Many problems that arise in machine learning domain deal with nonlinearity and quite often demand users to obtain global optimal solutions rather than local optimal ones. Optimization problems are inherent in machine learning algorithms and hence many methods in machine learning were inherited from the optimization literature. Popularly known as the initialization problem, the ideal set of parameters required will significantly depend on the given initialization values. The recently developed TRUST-TECH (TRansformation Under STability-reTaining Equilibria CHaracterization) methodology systematically explores the subspace of the parameters to obtain a complete set of local optimal solutions. In this thesis work, we propose TRUST-TECH based methods for solving several optimization and machine learning problems.
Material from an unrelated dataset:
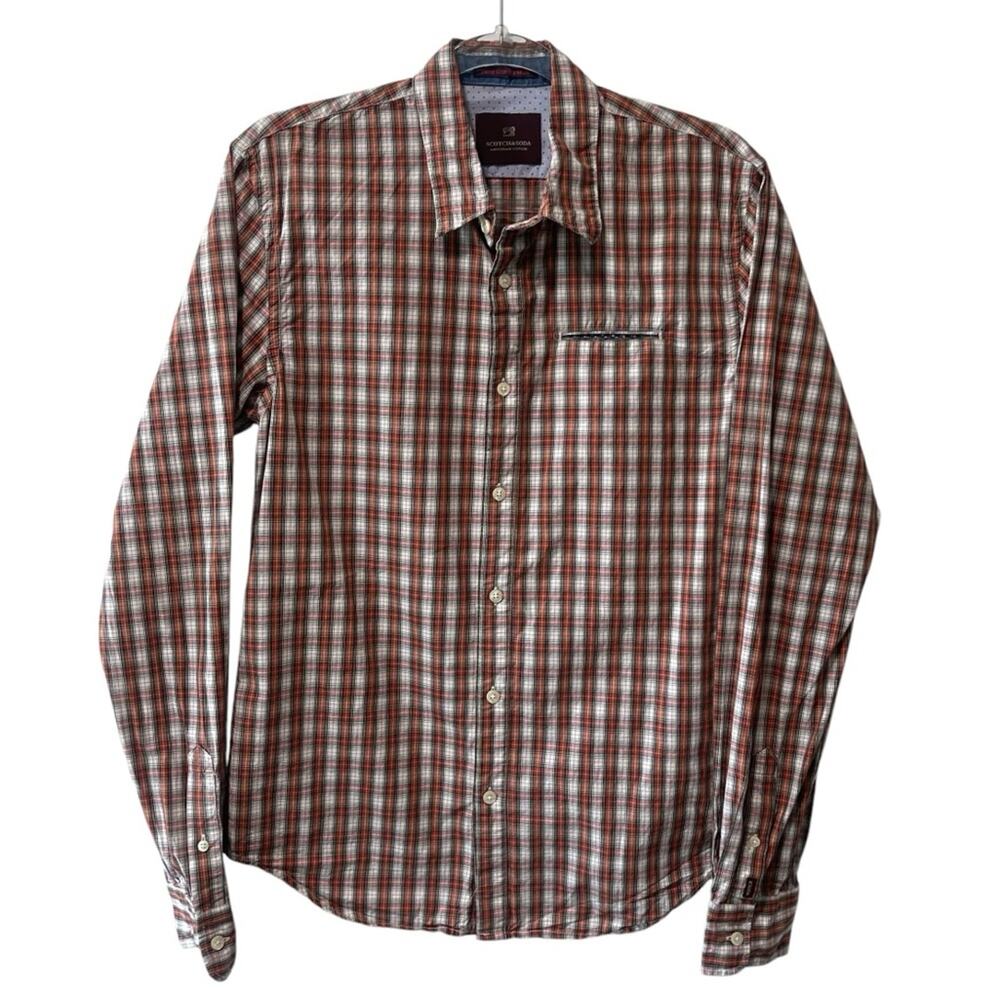 Scotch & Soda Long Sleeve Collared Button Up Plaid Shirt Red Multi Size Medium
Two stages namely, the local stage and the neighborhood-search stage, are repeated alternatively in the solution space to achieve improvements in the quality of the solutions. Our methods were tested on both synthetic and real datasets and the advantages of using this novel framework are clearly manifested. This framework not only reduces the sensitivity to initialization, but also allows the flexibility for the practitioners to use various global and local methods that work well for a particular problem of interest. Other hierarchical stochastic algorithms like evolutionary algorithms and smoothing algorithms are also studied and frameworks for combining these methods with TRUST-TECH have been proposed and evaluated on several test systems.